Return every line below exactly, leaving nothing out.

(PROVIDED DATA)

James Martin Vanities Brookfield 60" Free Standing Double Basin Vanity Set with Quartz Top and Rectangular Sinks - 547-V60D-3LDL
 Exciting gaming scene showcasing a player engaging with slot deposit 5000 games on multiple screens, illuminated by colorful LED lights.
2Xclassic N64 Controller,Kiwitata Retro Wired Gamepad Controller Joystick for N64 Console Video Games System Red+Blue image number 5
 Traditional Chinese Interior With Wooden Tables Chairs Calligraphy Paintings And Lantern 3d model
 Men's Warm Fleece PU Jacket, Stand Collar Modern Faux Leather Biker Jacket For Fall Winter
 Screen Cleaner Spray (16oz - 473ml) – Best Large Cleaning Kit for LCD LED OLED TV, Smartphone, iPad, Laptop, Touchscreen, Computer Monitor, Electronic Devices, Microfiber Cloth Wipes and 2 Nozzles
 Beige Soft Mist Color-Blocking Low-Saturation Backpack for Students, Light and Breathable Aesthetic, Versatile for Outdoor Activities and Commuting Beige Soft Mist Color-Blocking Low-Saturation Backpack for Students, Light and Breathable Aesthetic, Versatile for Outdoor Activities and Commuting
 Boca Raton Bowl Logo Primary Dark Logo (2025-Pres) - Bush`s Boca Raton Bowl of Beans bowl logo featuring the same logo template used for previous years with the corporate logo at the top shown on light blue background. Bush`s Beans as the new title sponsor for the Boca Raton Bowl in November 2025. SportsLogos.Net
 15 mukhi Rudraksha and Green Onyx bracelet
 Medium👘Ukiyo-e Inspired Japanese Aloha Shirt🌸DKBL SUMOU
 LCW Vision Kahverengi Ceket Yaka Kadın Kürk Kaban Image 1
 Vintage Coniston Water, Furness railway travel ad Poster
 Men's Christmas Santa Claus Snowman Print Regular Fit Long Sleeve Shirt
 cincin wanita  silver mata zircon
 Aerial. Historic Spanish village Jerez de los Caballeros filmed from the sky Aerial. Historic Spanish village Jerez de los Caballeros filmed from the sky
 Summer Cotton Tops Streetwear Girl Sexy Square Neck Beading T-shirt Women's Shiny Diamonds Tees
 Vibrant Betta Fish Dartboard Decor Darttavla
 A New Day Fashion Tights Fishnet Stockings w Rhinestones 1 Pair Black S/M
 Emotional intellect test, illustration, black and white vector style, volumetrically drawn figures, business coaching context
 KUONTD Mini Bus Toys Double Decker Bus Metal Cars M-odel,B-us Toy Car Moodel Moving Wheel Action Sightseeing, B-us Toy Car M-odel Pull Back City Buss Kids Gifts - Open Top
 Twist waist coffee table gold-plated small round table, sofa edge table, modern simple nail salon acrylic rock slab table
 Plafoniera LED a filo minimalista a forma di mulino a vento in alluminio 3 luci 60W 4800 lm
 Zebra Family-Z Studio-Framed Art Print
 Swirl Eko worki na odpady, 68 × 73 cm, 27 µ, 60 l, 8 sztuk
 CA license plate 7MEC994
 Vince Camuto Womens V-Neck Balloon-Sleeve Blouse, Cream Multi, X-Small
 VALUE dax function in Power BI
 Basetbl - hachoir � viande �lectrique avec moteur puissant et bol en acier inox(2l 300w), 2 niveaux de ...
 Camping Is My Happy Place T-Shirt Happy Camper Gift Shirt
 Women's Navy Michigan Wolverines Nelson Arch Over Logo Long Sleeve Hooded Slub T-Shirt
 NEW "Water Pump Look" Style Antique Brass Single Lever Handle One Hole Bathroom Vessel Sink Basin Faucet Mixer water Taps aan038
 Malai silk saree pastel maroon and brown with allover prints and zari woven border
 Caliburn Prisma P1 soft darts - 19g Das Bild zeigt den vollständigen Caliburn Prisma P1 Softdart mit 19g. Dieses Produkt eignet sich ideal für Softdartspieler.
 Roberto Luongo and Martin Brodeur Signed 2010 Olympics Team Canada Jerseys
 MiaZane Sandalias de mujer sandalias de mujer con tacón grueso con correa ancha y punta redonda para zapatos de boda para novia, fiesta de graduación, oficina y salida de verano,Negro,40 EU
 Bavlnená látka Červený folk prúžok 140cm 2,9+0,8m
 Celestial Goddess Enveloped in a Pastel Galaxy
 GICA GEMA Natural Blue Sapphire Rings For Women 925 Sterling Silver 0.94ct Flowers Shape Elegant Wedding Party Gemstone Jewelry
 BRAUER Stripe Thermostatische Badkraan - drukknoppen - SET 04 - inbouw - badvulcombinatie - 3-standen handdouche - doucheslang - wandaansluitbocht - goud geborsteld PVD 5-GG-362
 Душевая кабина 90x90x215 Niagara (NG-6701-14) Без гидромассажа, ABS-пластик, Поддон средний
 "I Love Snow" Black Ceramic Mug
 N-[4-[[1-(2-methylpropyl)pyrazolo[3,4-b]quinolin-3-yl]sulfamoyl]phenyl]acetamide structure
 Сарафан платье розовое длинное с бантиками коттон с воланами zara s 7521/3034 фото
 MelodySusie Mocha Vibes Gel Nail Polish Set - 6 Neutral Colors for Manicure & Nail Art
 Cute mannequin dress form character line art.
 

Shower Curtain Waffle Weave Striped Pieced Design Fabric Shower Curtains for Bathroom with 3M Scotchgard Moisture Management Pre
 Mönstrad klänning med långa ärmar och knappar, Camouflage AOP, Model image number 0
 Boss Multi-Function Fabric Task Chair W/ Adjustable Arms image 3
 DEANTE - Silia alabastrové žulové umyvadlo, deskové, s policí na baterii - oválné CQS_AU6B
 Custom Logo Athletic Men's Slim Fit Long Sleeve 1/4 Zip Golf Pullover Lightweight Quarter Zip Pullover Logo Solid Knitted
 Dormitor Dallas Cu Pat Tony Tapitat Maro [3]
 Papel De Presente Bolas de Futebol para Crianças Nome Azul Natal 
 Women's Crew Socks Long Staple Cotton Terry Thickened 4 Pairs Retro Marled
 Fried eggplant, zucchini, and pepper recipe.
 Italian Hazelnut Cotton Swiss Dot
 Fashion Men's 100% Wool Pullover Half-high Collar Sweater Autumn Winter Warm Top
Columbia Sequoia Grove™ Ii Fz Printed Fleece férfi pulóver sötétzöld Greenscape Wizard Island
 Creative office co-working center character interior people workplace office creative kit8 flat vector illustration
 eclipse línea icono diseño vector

(End PROVIDED DATA)

ANSWER FOR THE TASK.
James Martin Vanities Brookfield 60" Free Standing Double Basin Vanity Set with Quartz Top and Rectangular Sinks - 547-V60D-3LDL
 Exciting gaming scene showcasing a player engaging with slot deposit 5000 games on multiple screens, illuminated by colorful LED lights.
2Xclassic N64 Controller,Kiwitata Retro Wired Gamepad Controller Joystick for N64 Console Video Games System Red+Blue image number 5
 Traditional Chinese Interior With Wooden Tables Chairs Calligraphy Paintings And Lantern 3d model
 Men's Warm Fleece PU Jacket, Stand Collar Modern Faux Leather Biker Jacket For Fall Winter
 Screen Cleaner Spray (16oz - 473ml) – Best Large Cleaning Kit for LCD LED OLED TV, Smartphone, iPad, Laptop, Touchscreen, Computer Monitor, Electronic Devices, Microfiber Cloth Wipes and 2 Nozzles
 Beige Soft Mist Color-Blocking Low-Saturation Backpack for Students, Light and Breathable Aesthetic, Versatile for Outdoor Activities and Commuting Beige Soft Mist Color-Blocking Low-Saturation Backpack for Students, Light and Breathable Aesthetic, Versatile for Outdoor Activities and Commuting
 Boca Raton Bowl Logo Primary Dark Logo (2025-Pres) - Bush`s Boca Raton Bowl of Beans bowl logo featuring the same logo template used for previous years with the corporate logo at the top shown on light blue background. Bush`s Beans as the new title sponsor for the Boca Raton Bowl in November 2025. SportsLogos.Net
 15 mukhi Rudraksha and Green Onyx bracelet
 Medium👘Ukiyo-e Inspired Japanese Aloha Shirt🌸DKBL SUMOU
 LCW Vision Kahverengi Ceket Yaka Kadın Kürk Kaban Image 1
 Vintage Coniston Water, Furness railway travel ad Poster
 Men's Christmas Santa Claus Snowman Print Regular Fit Long Sleeve Shirt
 cincin wanita  silver mata zircon
 Aerial. Historic Spanish village Jerez de los Caballeros filmed from the sky Aerial. Historic Spanish village Jerez de los Caballeros filmed from the sky
 Summer Cotton Tops Streetwear Girl Sexy Square Neck Beading T-shirt Women's Shiny Diamonds Tees
 Vibrant Betta Fish Dartboard Decor Darttavla
 A New Day Fashion Tights Fishnet Stockings w Rhinestones 1 Pair Black S/M
 Emotional intellect test, illustration, black and white vector style, volumetrically drawn figures, business coaching context
 KUONTD Mini Bus Toys Double Decker Bus Metal Cars M-odel,B-us Toy Car Moodel Moving Wheel Action Sightseeing, B-us Toy Car M-odel Pull Back City Buss Kids Gifts - Open Top
 Twist waist coffee table gold-plated small round table, sofa edge table, modern simple nail salon acrylic rock slab table
 Plafoniera LED a filo minimalista a forma di mulino a vento in alluminio 3 luci 60W 4800 lm
 Zebra Family-Z Studio-Framed Art Print
 Swirl Eko worki na odpady, 68 × 73 cm, 27 µ, 60 l, 8 sztuk
 CA license plate 7MEC994
 Vince Camuto Womens V-Neck Balloon-Sleeve Blouse, Cream Multi, X-Small
 VALUE dax function in Power BI
 Basetbl - hachoir � viande �lectrique avec moteur puissant et bol en acier inox(2l 300w), 2 niveaux de ...
 Camping Is My Happy Place T-Shirt Happy Camper Gift Shirt
 Women's Navy Michigan Wolverines Nelson Arch Over Logo Long Sleeve Hooded Slub T-Shirt
 NEW "Water Pump Look" Style Antique Brass Single Lever Handle One Hole Bathroom Vessel Sink Basin Faucet Mixer water Taps aan038
 Malai silk saree pastel maroon and brown with allover prints and zari woven border
 Caliburn Prisma P1 soft darts - 19g Das Bild zeigt den vollständigen Caliburn Prisma P1 Softdart mit 19g. Dieses Produkt eignet sich ideal für Softdartspieler.
 Roberto Luongo and Martin Brodeur Signed 2010 Olympics Team Canada Jerseys
 MiaZane Sandalias de mujer sandalias de mujer con tacón grueso con correa ancha y punta redonda para zapatos de boda para novia, fiesta de graduación, oficina y salida de verano,Negro,40 EU
 Bavlnená látka Červený folk prúžok 140cm 2,9+0,8m
 Celestial Goddess Enveloped in a Pastel Galaxy
 GICA GEMA Natural Blue Sapphire Rings For Women 925 Sterling Silver 0.94ct Flowers Shape Elegant Wedding Party Gemstone Jewelry
 BRAUER Stripe Thermostatische Badkraan - drukknoppen - SET 04 - inbouw - badvulcombinatie - 3-standen handdouche - doucheslang - wandaansluitbocht - goud geborsteld PVD 5-GG-362
 Душевая кабина 90x90x215 Niagara (NG-6701-14) Без гидромассажа, ABS-пластик, Поддон средний
 "I Love Snow" Black Ceramic Mug
 N-[4-[[1-(2-methylpropyl)pyrazolo[3,4-b]quinolin-3-yl]sulfamoyl]phenyl]acetamide structure
 Сарафан платье розовое длинное с бантиками коттон с воланами zara s 7521/3034 фото
 MelodySusie Mocha Vibes Gel Nail Polish Set - 6 Neutral Colors for Manicure & Nail Art
 Cute mannequin dress form character line art.
 

Shower Curtain Waffle Weave Striped Pieced Design Fabric Shower Curtains for Bathroom with 3M Scotchgard Moisture Management Pre
 Mönstrad klänning med långa ärmar och knappar, Camouflage AOP, Model image number 0
 Boss Multi-Function Fabric Task Chair W/ Adjustable Arms image 3
 DEANTE - Silia alabastrové žulové umyvadlo, deskové, s policí na baterii - oválné CQS_AU6B
 Custom Logo Athletic Men's Slim Fit Long Sleeve 1/4 Zip Golf Pullover Lightweight Quarter Zip Pullover Logo Solid Knitted
 Dormitor Dallas Cu Pat Tony Tapitat Maro [3]
 Papel De Presente Bolas de Futebol para Crianças Nome Azul Natal 
 Women's Crew Socks Long Staple Cotton Terry Thickened 4 Pairs Retro Marled
 Fried eggplant, zucchini, and pepper recipe.
 Italian Hazelnut Cotton Swiss Dot
 Fashion Men's 100% Wool Pullover Half-high Collar Sweater Autumn Winter Warm Top
Columbia Sequoia Grove™ Ii Fz Printed Fleece férfi pulóver sötétzöld Greenscape Wizard Island
 Creative office co-working center character interior people workplace office creative kit8 flat vector illustration
 eclipse línea icono diseño vector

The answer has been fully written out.